On 10/16/06, *Yanis Batura* <ybatura@mail.ru <mailto:ybatura@mail.ru>> wrote:

    > Checking the Wikipedia article, it looks like it's a European
   period, so
    > {ronmijycedra} might work.

Hmmm... I needed that word for talking about ninjas and samurais... :)

According to Wikipedia's History of Japan article there is a period called the "Japanese Middle Ages". So perhaps {ponmijycedra}.


Rather than copying the metaphor used in other languages, I think the common feature of the "middle ages" of both cultures was feudalism (and indeed, the boundaries of the era tend to be associated with the beginning and end of a feudal nobility (Yanis may have an opinion on this, since in Russia the feudal nobility essentially persisted up until
the 20th century).


So come up with a lujvo for feudalism or feudal nobility [...]


Coining a lujvo for feudalism is *much* more difficult than for Middle
ages. :)

Not really
lacnuptruci'e
tumnoltruci'e

emphasize different aspects of feudalism. You'd want to choose one that describes the society. European feudalism focused on the power nobles acquired from land. The chivalric concept of feudalism was a system of promise and reliance - service in exchange for protection.
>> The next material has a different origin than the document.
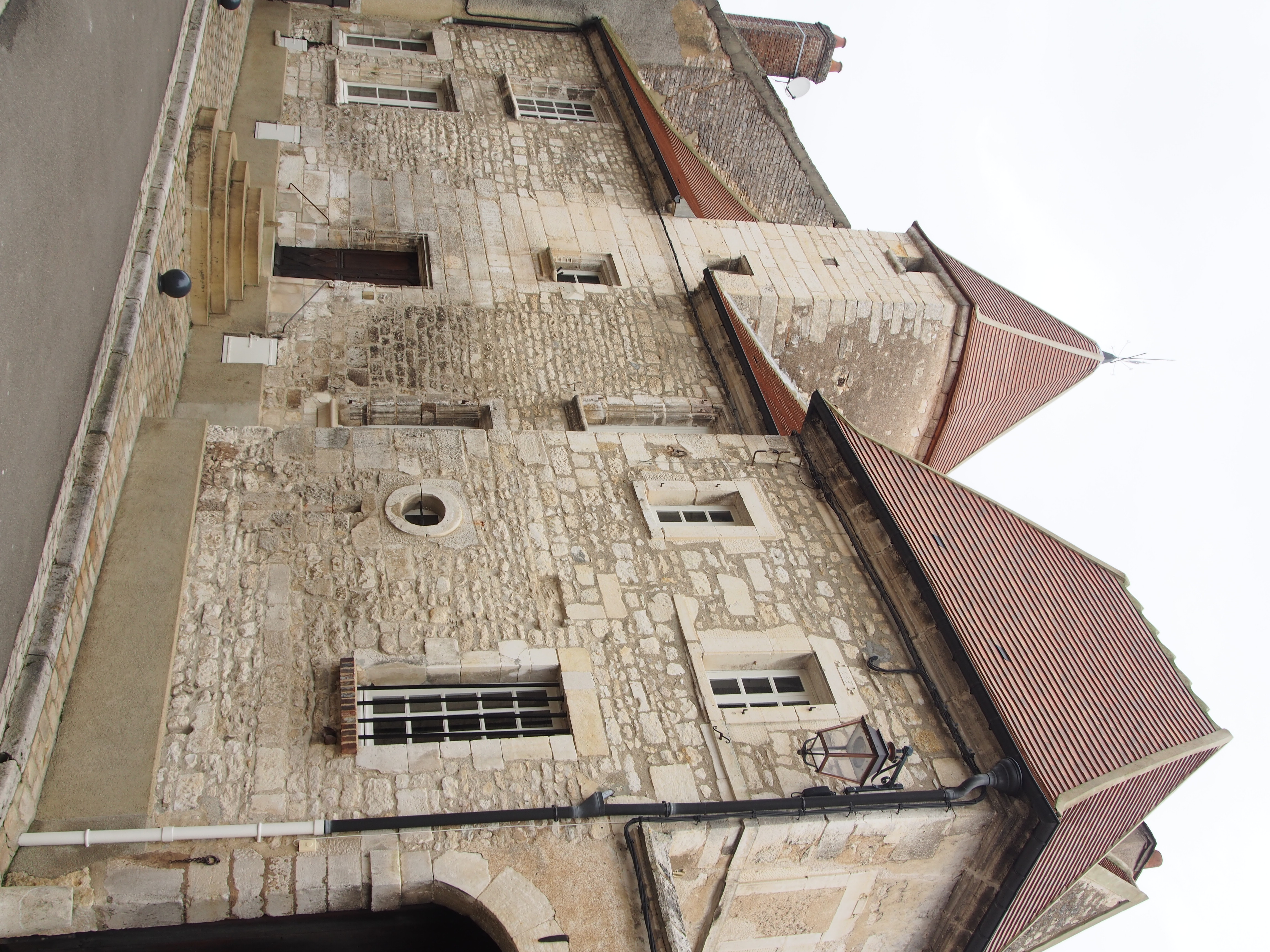 L'Obédiencerie à Chablis, batiment historique du Domaine Laroche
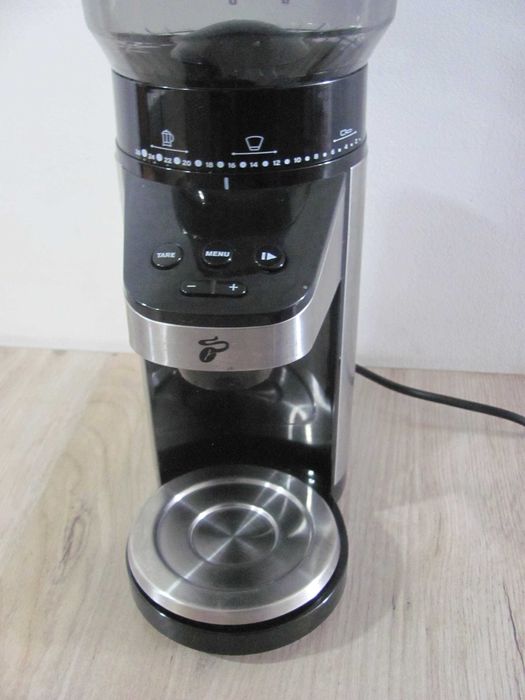 Elektryczny młynek Tchibo do kawy z wagą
Another version of feudalism would be based on the existence of serfdom (land-bound servants system?), which would certainly be important to Russian feudalism, but I don't know whether it applies to Oriental feudalism.

The important thing is to think about the concept you want to express and what Lojban words point towards that concept, turning to how it is expressed in other languages only to break down a mental block at coming up with an expression.